E. H. S. Yale University, August 21, 1918
CONTENTS
Page
- [Moral and Spiritual Forces in the
War]11
- Charles Reynolds Brown, D.D., LL.D., Dean of
- the School of Religion and Pastor of the University
- Church
- [God and History]22
- Douglas Clyde Macintosh, Ph.D., Professor of
- Theology
- [The Christian Hope in Times of
War]33
- Frank Chamberlin Porter, Ph.D., Professor of
- Biblical Theology
- [Non-Resistance: Christian or
Pagan?]59
- Benjamin Wisner Bacon, D.D., Litt.D., LL.D.,
- Professor of New Testament Criticism and
- Interpretation
- [The Ministry and the War]82
- Hallam Tweedy, M.A., Professor of
- Practical Theology
- [The Effect of the War upon
Religious Education]105
- Luther Allan Weigle, Ph.D., D.D., Professor of
- Christian Nurture
- [Foreign Missions and the War,
Today and Tomorrow]122
- Harlan P. Beach, D.D., F.R.G.S., Professor of the
- Theory and Practice of Missions
- [The War and Social Work]141
- William Bacon Bailey, Ph.D., Professor of
- Practical Philanthropy
- [The War and Church Unity]151
- Williston Walker, Ph.D., D.D., Professor of
- Ecclesiastical History
- [The Religious Basis of World
Re-Organization]161
- E. Hershey Sneath, Ph.D., LL.D., Professor of
- the Philosophy of Religion and Religious
- Education
I
[MORAL AND SPIRITUAL FORCES IN THE WAR]
CHARLES REYNOLDS BROWN
In one of our more thoughtful magazines we were favored last February with an article entitled, "Peter Sat by the Fire Warming Himself." It was a bitter, undiscriminating arraignment of the ministers and churches of the United States for their alleged lack of intelligent, sympathetic interest in the war. It was written by an Englishman who for several years has been vacillating between the ministry and secular journalism, but is now the pastor of a small church in northern New York. The vigor of his literary style in trenchant criticism was matched by an equally vigorous disregard for many of the plain facts in the case. His tone, however, was loud and confident, so that the article secured for itself a wide reading.

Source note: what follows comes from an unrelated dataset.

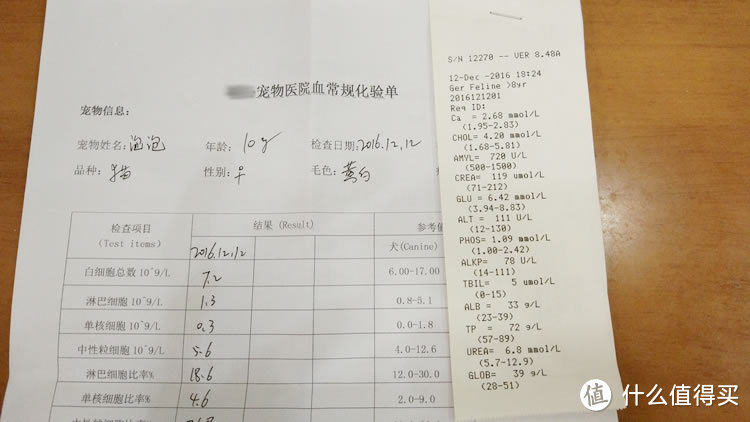 养它，请爱它一生：记录猫咪生命的最后时光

"What became of the spiritual leaders of America during those thirty-two months when Europe and parts of Asia were passing through Gehenna?" the writer of this article asked in scornful fashion. And then after listing the enormities of the mad military caste which heads up at Potsdam, he asked the clergymen of the United States, "Why were you so scrupulously neutral, so benignly dumb?" His main contention was to the effect that the religious leaders of this country had been altogether negligent of their duty in the present world struggle, and that the churches were small potatoes and few in a hill.
It has been regarded as very good form in certain quarters to cast aspersion upon the ministers of the Gospel. When the war came men began to ask, sometimes with a sneer, and sometimes with a look of pain, "Why did not Christianity prevent the war?" It never seemed to occur to anyone to ask, "Why did not Science prevent the war?" No one supposed that Science would or could. It was the most scientific nation on earth which brought on the war.
It never occurred to anyone to ask, "Why did not Big Business, or the Newspapers, or the Universities prevent the war?" No one supposed that commerce or the press or education could avert such disasters. These useful forms of social energy are not strong enough. They do not go deep enough in their hold upon the lives of men to curb those forces of evil which let loose upon the world this frightful war. It was a magnificent tribute which men paid to the might of spiritual forces when they asked, sometimes wistfully, and sometimes scornfully, "Why did not Christianity prevent the war?"
The terrible events of the last four years have taught the world a few lessons which it will not soon forget. They have shown us the utter impotence of certain forces in which some shortsighted people were inclined to put their whole trust: The little toy gods of the Amorites—Evolution, with a capital E, not as the designation of a method which all intelligent people recognize, but as a kind of home-made deity operating on its own behalf! The Zeitgeist, the Spirit of the Age, all in capitals! The "Cosmic Urge," whatever that pretentious phrase may mean in the mouths of those who use it in grandiloquent fashion! The "Stream of Progress," the idea that there are certain resident forces in the physical order itself which make inevitably for human well-being and advance quite apart from any thought of God!